How to optimize SQL query with calculating distanc

2019-02-15 00:08发布

问题:

I have a table with structure like that:

table name: shop

id_shop      int(10)
name         varchar(200)
latitude     double
longitude    double

And I'd like to calculate distance between given coordinates and coordinates saved in database.

My current query:

SELECT *
  FROM `shop` AS `s`
 WHERE
      (
        ( 6371
        * ACOS(
            SIN( RADIANS( latitude ) )
          * SIN( RADIANS( 53.5353010379 ) )
          + COS( RADIANS( latitude ) )
          * COS( RADIANS( 53.5353010379 ) )
          * COS( RADIANS( 14.7984442616 ) - RADIANS( longitude ) )
          )
        )
        <= 25
      )

plus some JOIN LEFT's for some data.

Is there any way to optimize that query ? With joins it takes about 13msec.

I need to add here also some LIMIT and COUNT(*) for total amount of shops for pagination.

回答1:

Here's a few ideas, some of which may not apply depending on your exact situation.

  1. You could do the conversion of latitude and longitude to radians and store that in the row as well.
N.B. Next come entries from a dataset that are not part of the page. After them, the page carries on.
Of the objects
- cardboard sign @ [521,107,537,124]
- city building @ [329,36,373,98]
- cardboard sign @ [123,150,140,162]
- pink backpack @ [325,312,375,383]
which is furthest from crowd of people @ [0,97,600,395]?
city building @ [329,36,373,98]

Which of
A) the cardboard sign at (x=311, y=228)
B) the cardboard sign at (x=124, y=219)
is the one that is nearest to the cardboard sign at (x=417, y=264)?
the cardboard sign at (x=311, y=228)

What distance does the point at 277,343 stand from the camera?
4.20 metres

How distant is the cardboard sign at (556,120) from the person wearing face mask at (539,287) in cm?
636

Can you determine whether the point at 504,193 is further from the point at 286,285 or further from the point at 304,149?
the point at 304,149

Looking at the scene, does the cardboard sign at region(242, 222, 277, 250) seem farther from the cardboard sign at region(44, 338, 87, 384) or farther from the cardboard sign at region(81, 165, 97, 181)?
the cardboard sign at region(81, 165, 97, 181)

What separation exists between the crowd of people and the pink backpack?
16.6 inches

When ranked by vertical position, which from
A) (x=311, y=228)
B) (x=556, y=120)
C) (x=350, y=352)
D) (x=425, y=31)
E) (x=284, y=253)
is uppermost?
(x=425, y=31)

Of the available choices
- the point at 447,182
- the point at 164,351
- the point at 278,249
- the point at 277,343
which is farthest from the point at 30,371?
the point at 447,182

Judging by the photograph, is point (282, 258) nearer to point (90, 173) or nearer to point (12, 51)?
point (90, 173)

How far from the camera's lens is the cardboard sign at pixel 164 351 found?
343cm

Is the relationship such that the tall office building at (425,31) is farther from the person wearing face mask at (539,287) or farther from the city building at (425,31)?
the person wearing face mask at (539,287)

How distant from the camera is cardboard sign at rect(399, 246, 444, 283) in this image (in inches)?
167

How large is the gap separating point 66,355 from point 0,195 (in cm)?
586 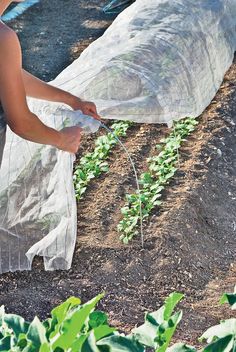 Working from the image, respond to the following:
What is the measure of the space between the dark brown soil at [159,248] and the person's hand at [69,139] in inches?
35.0

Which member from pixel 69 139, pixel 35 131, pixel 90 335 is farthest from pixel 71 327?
pixel 69 139

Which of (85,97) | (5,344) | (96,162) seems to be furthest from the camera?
(96,162)

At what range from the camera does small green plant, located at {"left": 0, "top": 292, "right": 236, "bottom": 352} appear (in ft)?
8.25

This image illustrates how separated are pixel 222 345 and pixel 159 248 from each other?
8.99 ft

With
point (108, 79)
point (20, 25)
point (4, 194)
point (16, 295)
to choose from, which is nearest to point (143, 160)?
point (108, 79)

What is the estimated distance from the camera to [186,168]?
19.9 ft

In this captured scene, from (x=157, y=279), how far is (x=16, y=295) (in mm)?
758

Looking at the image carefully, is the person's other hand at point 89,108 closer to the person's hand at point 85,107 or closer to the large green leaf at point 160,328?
the person's hand at point 85,107

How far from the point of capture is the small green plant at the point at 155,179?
543cm

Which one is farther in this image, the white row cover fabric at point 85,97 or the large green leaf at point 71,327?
the white row cover fabric at point 85,97

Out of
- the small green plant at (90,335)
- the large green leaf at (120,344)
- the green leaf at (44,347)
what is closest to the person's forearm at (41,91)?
the small green plant at (90,335)

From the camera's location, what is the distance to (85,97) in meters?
5.49

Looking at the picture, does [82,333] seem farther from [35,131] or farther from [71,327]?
[35,131]

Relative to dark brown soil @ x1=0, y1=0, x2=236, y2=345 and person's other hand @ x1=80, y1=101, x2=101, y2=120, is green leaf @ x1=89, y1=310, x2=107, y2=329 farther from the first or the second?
person's other hand @ x1=80, y1=101, x2=101, y2=120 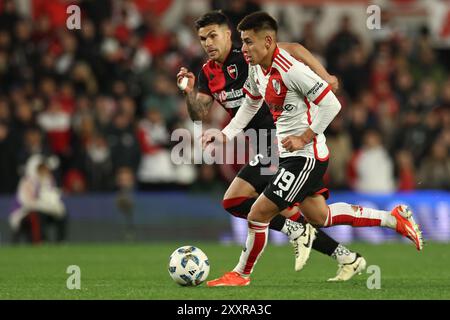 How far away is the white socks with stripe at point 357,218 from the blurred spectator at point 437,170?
8.82m

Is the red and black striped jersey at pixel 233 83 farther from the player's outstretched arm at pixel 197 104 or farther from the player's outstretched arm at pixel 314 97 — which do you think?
the player's outstretched arm at pixel 314 97

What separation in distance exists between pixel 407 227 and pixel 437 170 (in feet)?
29.8

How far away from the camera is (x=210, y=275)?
36.2 feet

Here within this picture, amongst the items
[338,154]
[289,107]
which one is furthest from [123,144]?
[289,107]

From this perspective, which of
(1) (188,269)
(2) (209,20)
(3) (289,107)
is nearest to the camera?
(3) (289,107)

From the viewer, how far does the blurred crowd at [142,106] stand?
18.0 meters

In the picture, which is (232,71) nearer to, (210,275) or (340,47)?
(210,275)

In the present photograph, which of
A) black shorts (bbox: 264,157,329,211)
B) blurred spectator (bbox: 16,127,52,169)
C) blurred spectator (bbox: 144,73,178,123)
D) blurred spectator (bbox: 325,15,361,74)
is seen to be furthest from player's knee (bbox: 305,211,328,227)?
blurred spectator (bbox: 325,15,361,74)

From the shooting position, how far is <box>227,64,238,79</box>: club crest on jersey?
33.4 ft

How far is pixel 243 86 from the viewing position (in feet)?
33.3

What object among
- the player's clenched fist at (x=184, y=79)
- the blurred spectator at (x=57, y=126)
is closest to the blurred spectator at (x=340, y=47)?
the blurred spectator at (x=57, y=126)

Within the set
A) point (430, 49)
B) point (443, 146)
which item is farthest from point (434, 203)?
point (430, 49)

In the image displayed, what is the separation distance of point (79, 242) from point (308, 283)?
8522 millimetres

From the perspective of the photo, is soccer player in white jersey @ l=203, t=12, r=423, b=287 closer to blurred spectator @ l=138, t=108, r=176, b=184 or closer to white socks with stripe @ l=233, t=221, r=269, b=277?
white socks with stripe @ l=233, t=221, r=269, b=277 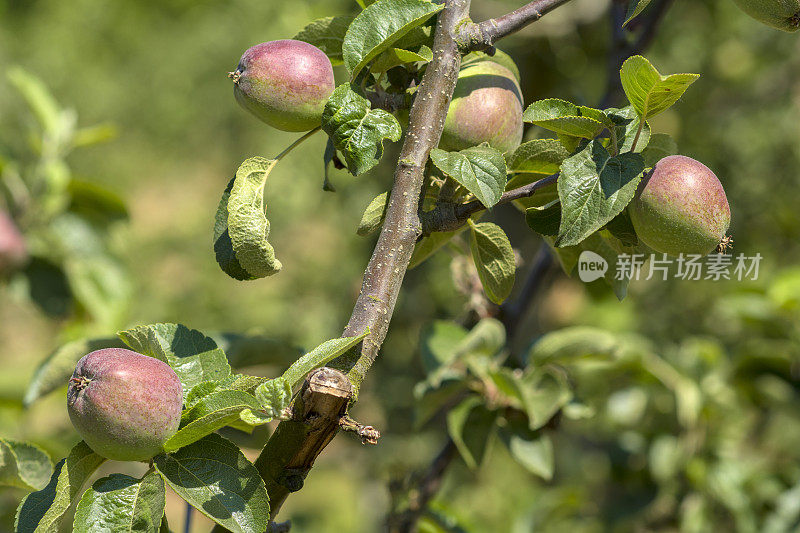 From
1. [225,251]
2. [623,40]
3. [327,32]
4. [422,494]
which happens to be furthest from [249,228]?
[623,40]

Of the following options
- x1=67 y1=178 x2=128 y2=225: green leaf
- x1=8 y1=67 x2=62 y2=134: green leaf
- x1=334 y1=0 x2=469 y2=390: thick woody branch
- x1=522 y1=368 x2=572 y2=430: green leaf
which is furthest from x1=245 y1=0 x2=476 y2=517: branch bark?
x1=8 y1=67 x2=62 y2=134: green leaf

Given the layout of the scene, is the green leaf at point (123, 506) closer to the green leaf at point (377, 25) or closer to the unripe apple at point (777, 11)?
the green leaf at point (377, 25)

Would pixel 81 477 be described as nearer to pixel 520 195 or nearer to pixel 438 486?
pixel 520 195

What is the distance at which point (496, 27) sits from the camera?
414 millimetres

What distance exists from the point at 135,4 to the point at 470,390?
15.7ft

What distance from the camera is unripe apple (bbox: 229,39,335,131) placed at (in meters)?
0.41

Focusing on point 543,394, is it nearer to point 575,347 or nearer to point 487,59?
point 575,347

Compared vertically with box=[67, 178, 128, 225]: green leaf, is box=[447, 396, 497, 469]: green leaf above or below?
below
This would save the cost of those calculations (actually the cost would be accrued once when storing the data).
  2. If your table is very large, you could use a simple linear distance calculation rather than the Haversince formula to limit the results to which you apply the Haversince formula.
  3. If you have other data in the table that would serve as a good first filter (country/region/etc.), you could apply it first.
  4. You could reorder your joins so that they are applied after the distance filter so that you don't incur the cost of the join on data that doesn't qualify.


回答2:

Well, for starters, you could store pre-calculated stuff in the database when you store the latitude and longitude. If you pre-store the latitude and longitude as radians, for example, you'll only need to calculate RADIANS(latitude) and RADIANS(longitude) once, when you store each location, not every time you need to do your distance calculation (presumably far more than once.)

Maybe shave off a bit more by storing the SIN(RADIANS(latitude)) and COS(RADIANS(latitude)) when you first populate the row, too...

I'm guessing you're doing many, many "nearest thing to X" calculations over time -- that's what people are generally doing when faced with this calculation -- and pre-calculating what you can is normally the first thing to try.